Employers take note: At least within the area covered by the Ninth Circuit Court of Appeals (including Alaska, Arizona, California, Hawaii, Idaho, Montana, Nevada, Oregon and Washington), prior salary history can no longer justify a pay difference between male and female employees.
In a move that reversed the court’s own previous ruling, an 11-judge panel held that a woman’s salary history can never be used as a basis for paying her less.
The federal Equal Pay Act (EPA) prohibits employers from paying men and women differently, except where the difference is justified by merit, seniority, quantity or quality of work, or “any other factor other than sex.”
When Aileen Rizo, a public school teacher in Fresno County, California, discovered that she was being paid less than her male colleagues with the same job, she filed a lawsuit against the county for unequal pay under the EPA. The county argued that the pay disparity was justified by Rizo’s relatively low prior salary, and that this was a permissible “factor other than sex” under the EPA.
The court disagreed, concluding that “any other factor other than sex” only includes “legitimate, job-related factors” like a potential employee’s experience, educational background, ability, or prior job performance and does not include salary history.
This decision is a direct reversal of a prior decision in the Ninth Circuit, and is more strict than the approach taken in some areas of the country covered by other federal circuit courts, such as the Tenth and Eleventh Circuits, where prior salary can be considered along with other non-discriminatory factors, though it still cannot justify pay disparity on its own. The Ninth Circuit’s decision also conflicts with the Seventh and Eighth Circuit’s holdings that wage disparities based on salary history do not violate the EPA.

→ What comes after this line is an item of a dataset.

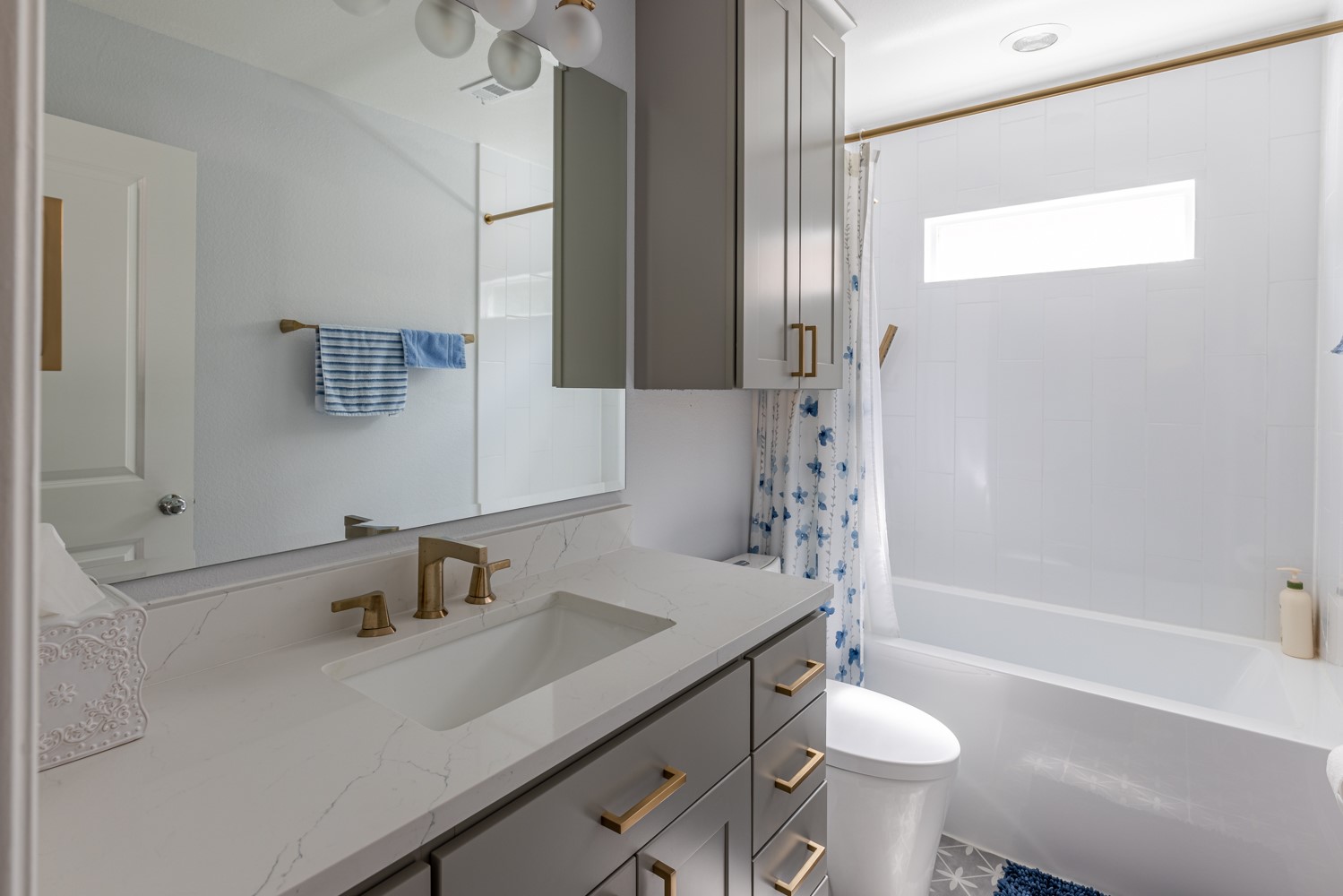 5208 Petty Street, Unit D Houston, TX 77007 - Photo 34 of 39 a bathroom with a sink toilet a mirror and shower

This decision comports with recent laws enacted by several states and cities specifically banning employers from asking job candidates about their salary histories.
For example, in 2016, Massachusetts became the first state to put such a law on the books. Similar laws are also now in effect in the states of California, Delaware, New Jersey, New York and Oregon, as well as in the cities of Boston, New Orleans, New York City, Philadelphia, Pittsburgh and San Francisco.
Employers with employees in any of these jurisdictions should immediately make sure their hiring practices comply with the law. Given the split between the positions of the different federal appeals courts that have addressed the issue thus far, it may not be long before the Supreme Court weighs in. Until that happens, however, the best practice is to be very cautious before asking prospective employees about their salary history or using it to determine their pay.